Hoi noted that policies for disabled women still have holes in terms of career support, health care, rehabilitation and social integration, along with the mobilisation of resources to support those in need.

Assessments in the implementation of current policies are needed to serve as a foundation for the amendment of the law on persons with disabilities and the Decree No. 136/2013/ND-CP on social policies beneficiaries, he noted.

Hoi underlined the necessity to issue specific policies in medical examination and treatment covered by health insurance for the handicapped. At the moment, a number of orthopedic and rehabilitation services are yet to be covered by health insurance, which hinders disabled people’s access to health care.

In addition, the quality of the medical network at grassroots levels remains modest, as health clinics at communes are short on modern equipment and medicine, as well as physicians specialising in rehabilitation.

The community-based rehabilitation programme, with the health sector at community level as its core, faces various obstacles in its implementation. Only less than 10 percent of the disabled are engaged in such programmes, according to the Ministry of Health.

Phan Thi Quynh Nhu, Vice Director of the Department of Family and Social Affairs under the VWU Central Committee, said that women with disabilities mainly depend on their families, relatives and social allowances, and most of them are impoverished.

They are more likely to become victims of abuse compared to their able-bodied peers while due attention has yet been paid to their basic rights. Their access to medical and social services, health care, education, jobs and integration remain limited.

Disabled women suffer the impact of poverty triggered by gender barriers and other difficulties three times higher than their male counterparts. Even so, they always wish to bolster knowledge and capacity, affirming their position in the society, Nhu added.

The National Committee for Vietnamese Persons with Disabilities is reviewing and amending policies on vocational training and job offers and assistance for people offering support for the disabled. The adjustment will be in tandem with specific policies in gender stated in existing legal documents.

In 2021-2025, the committee strives to have 80 percent of women with disabilities receive various types of assistance. That figure will be raised to 100 percent by 2026-2030.

Furthermore, it will bolster communication campaigns on policies for the disabled to raise awareness of family and community’s responsibility, as well as create favourable conditions for the development of their organisations./.

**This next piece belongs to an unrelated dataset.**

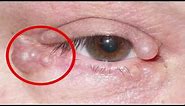 Eyelid Cysts : eyelid cysts treatment || how to get rid of a stye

Vietnam is currently home to 6.2 million people with disabilities, including 29 percent with severe and extremely severe conditions. Some 90,000 handicapped children go to schools, primarily in kindergartens and high schools.

Over 1,900 vocational training facilities offer courses for the disabled. About 17,000-20,000 disabled people receive training each year.

In 2012-2030, the MoLISA launched a livelihood support model for 1,320 households of people with disabilities in 25 provinces and cities.